[Data provided]:

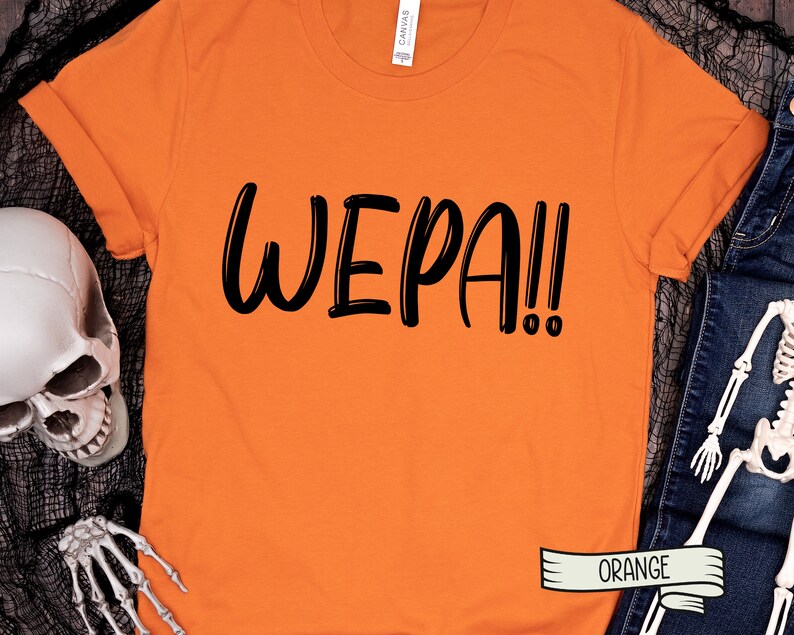 May include: Orange t-shirt with the text "WEPA!!" in black lettering.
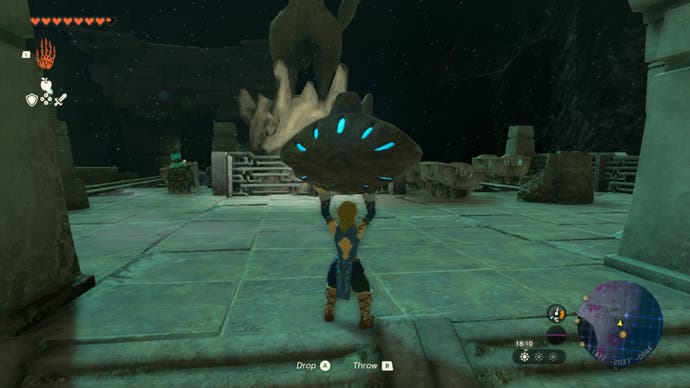 Zelda Totk Link mit Blick auf die Statue- und Rails -Gebiet in den Tiefen
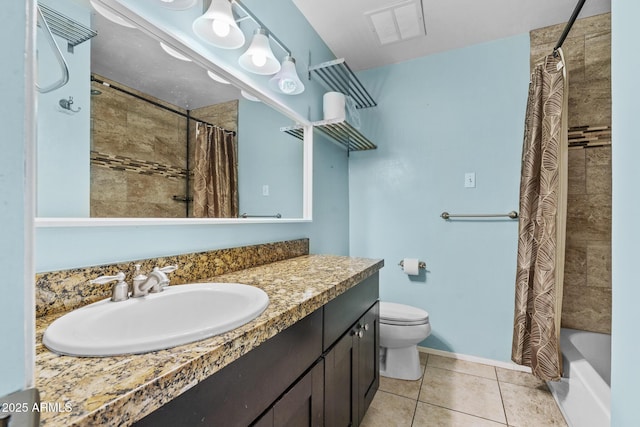 bathroom with vanity, visible vents, shower / bath combo with shower curtain, tile patterned floors, and toilet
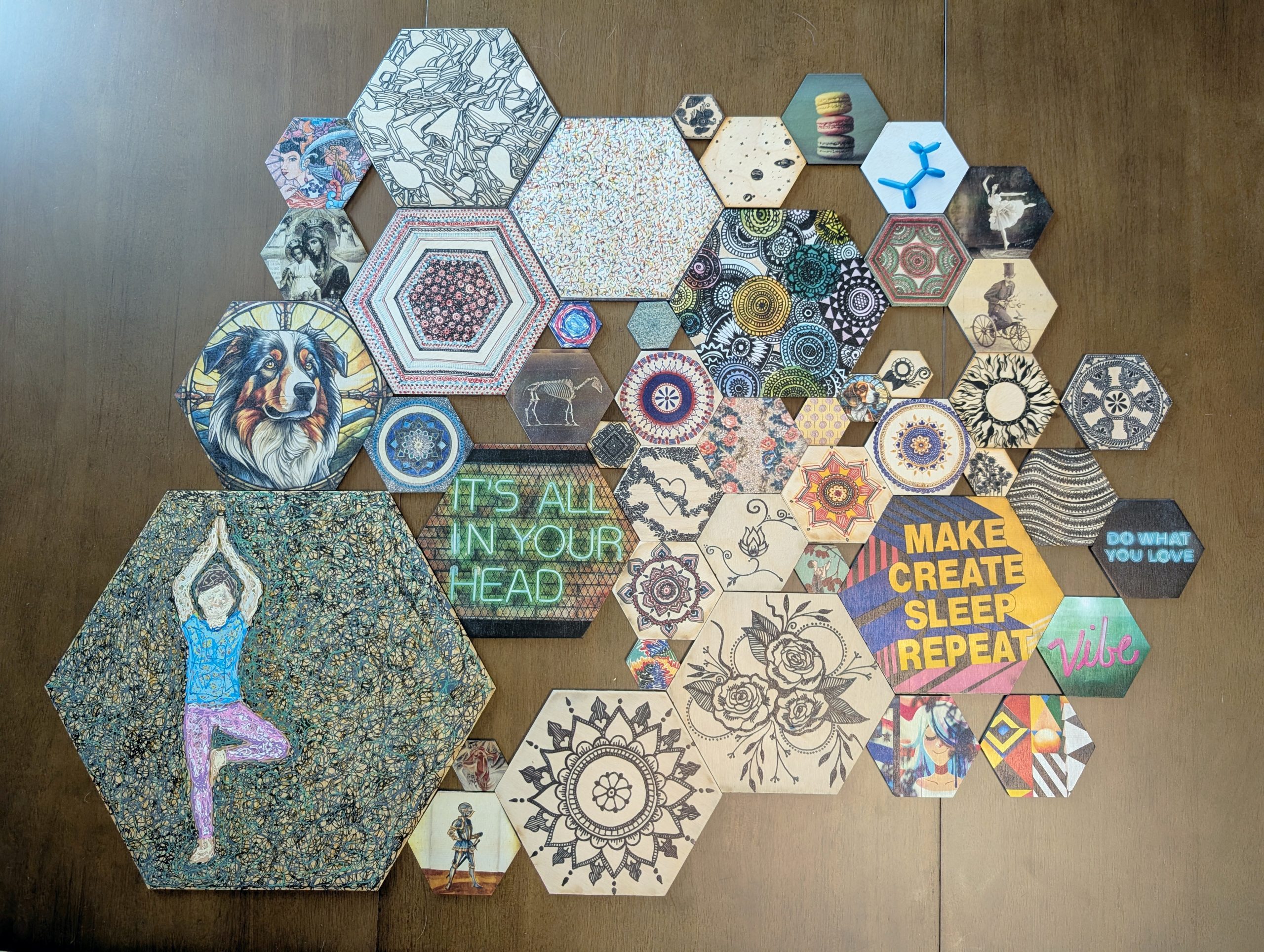 A large grouping of hex wall tiles in various sizes and designs laid out on a wood surface, showing henna patterns, pop art, vintage prints, and a yoga pose tile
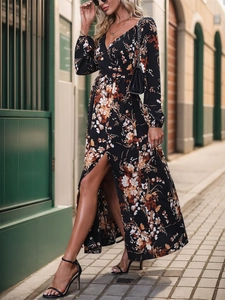 Detail of V-neck long sleeve dress featuring retro floral print and high side slit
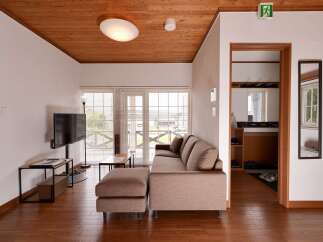 Experience modern living in this beautifully appointed living space, featuring a plush sectional sofa and an ottoman perfect for relaxation.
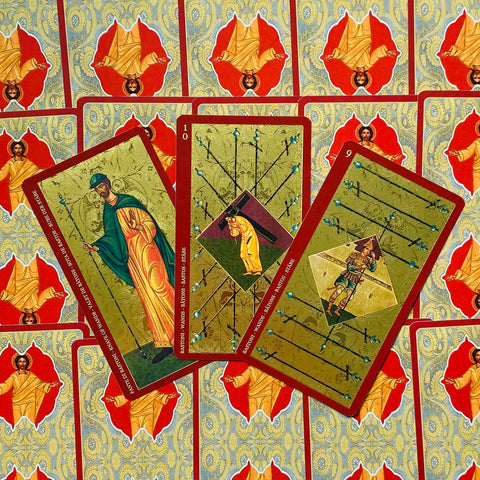 Tarot kortos, auksinio ir raudono dizaino Bastonų kortų trio (9, 10 ir riteris), išdėstyti ant ornamentuotų nugarėlių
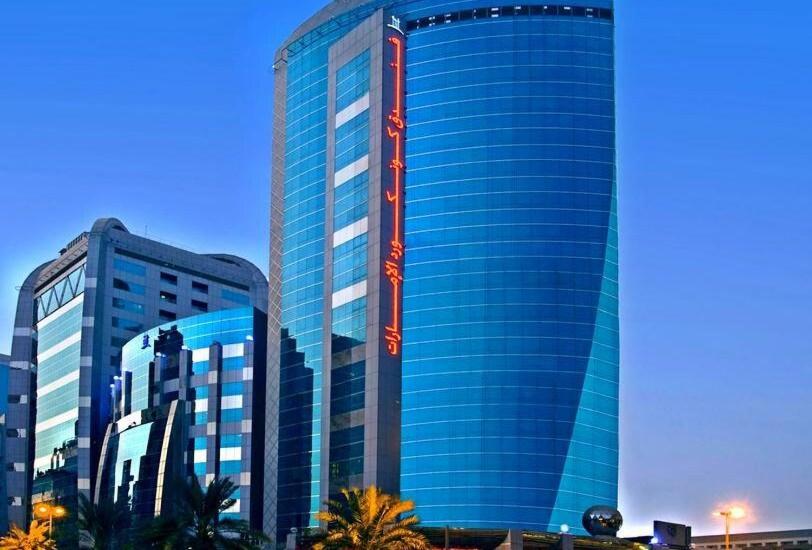 ein hohes blaues Gebäude mit Palmen davor in der Unterkunft ROYAL CONCORDE HOTEL&SUITE in Dubai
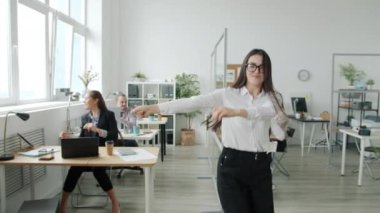 Ofiste dans eden, kameraya gülümseyen neşeli Asyalı iş kadınının yavaş çekim portresi.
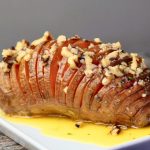 Hasselback sweet potato with maple pecan butter on a plate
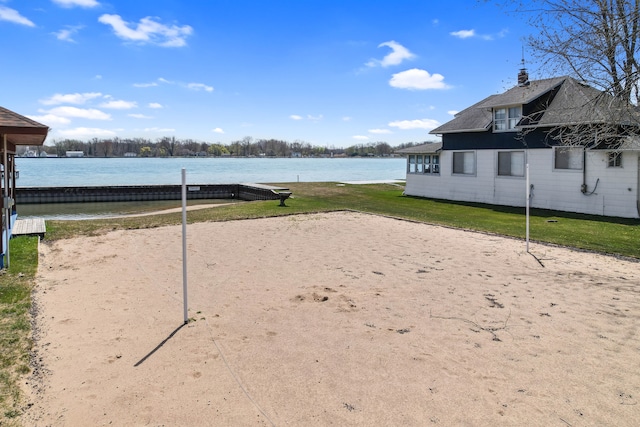 view of community with a water view and a yard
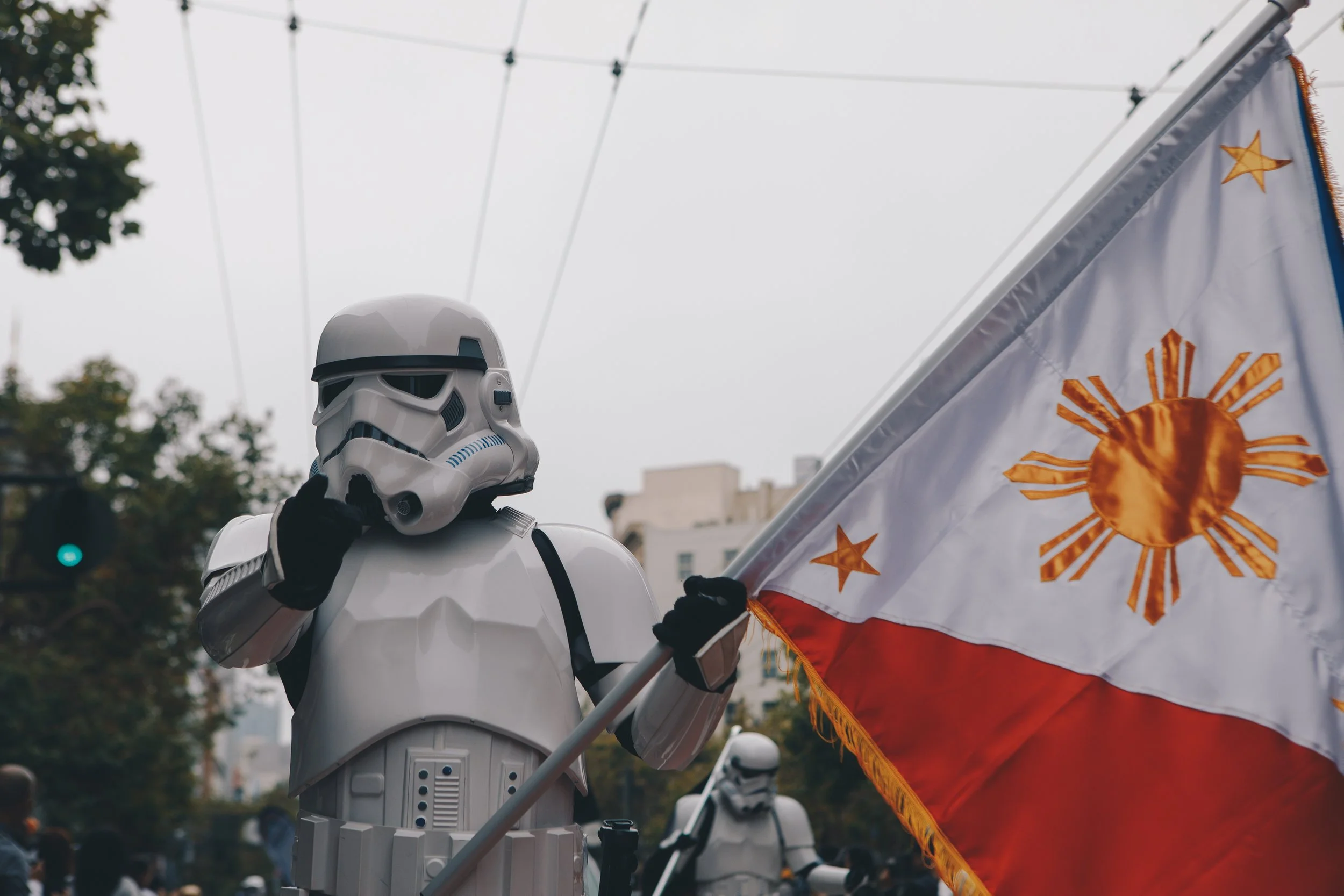 A person dressed as a Star Wars Stormtrooper holding a flag with a golden sun emblem and surrounded by other people during an outdoor event.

[Task details]: Drop the pictures, then reproduce exactly the lines from the one with "view of community" through the final line of the listing.

[Response to the exercise]:
 view of community with a water view and a yard
 A person dressed as a Star Wars Stormtrooper holding a flag with a golden sun emblem and surrounded by other people during an outdoor event.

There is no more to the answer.